One ruling favored the 660 "enemy combatants" being held at the U.S. naval base at Guantanamo Bay, Cuba. The other involved Jose Padilla, an American who was seized in Chicago in an alleged plot to detonate a radioactive "dirty bomb" and was declared as an enemy combatant.
In Padilla’s case, the New York-based 2nd U.S. Circuit Court of Appeals ordered the former gang member released from military custody within 30 days and, if the government chooses, tried in civilian courts. The White House said the government would appeal and seek a stay of the decision.
In the other case, the San Francisco-based 9th U.S. Circuit Court of Appeals ruled that prisoners held at the Guantanamo Bay Naval Base should have access to lawyers and the American court system.
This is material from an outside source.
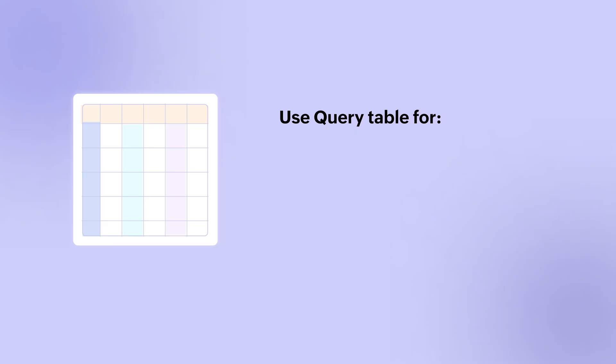Using query tables, you can combine data from one or more tables for filtering, batching, and transformation.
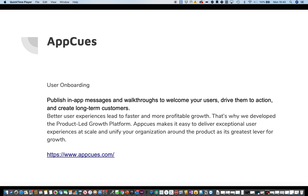Hello and welcome to the video in this series: Tools for Product Managers, Project Managers, and Product Owners. We have App Cues — this is a user onboarding app. You can publish in-app messages and walkthroughs to welcome your users, drive them to action, and create long-term customers.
It was the first such ruling by a federal appeals court anywhere in the country.
"Even in times of national emergency — indeed, particularly in such times — it is the obligation of the judicial branch to ensure the preservation of our constitutional values and to prevent the executive branch from running roughshod over the rights of citizens and aliens alike," Circuit Judge Stephen Reinhardt wrote in ruling in favor of a Libyan captured in Afghanistan and held in Cuba.
The two rulings highlighted the tensions between national security and civil rights since Sept. 11, 2001.
An order by President Bush in November 2001 allows captives to be detained as "enemy combatants" if they are members of al-Qaida, engaged in or aided terrorism, or harbored terrorists. The designation may also be applied if it is "the interest of the United States" to hold an individual during hostilities.
The Justice Department this week said such a classification allows detainees to be held without access to lawyers until U.S. authorities are satisfied they have disclosed everything they know about terrorist operations.
But the New York court ruled 2-1 that Padilla’s detention as an enemy combatant was not authorized by Congress and that the Bush administration could not designate him as an enemy combatant without such approval.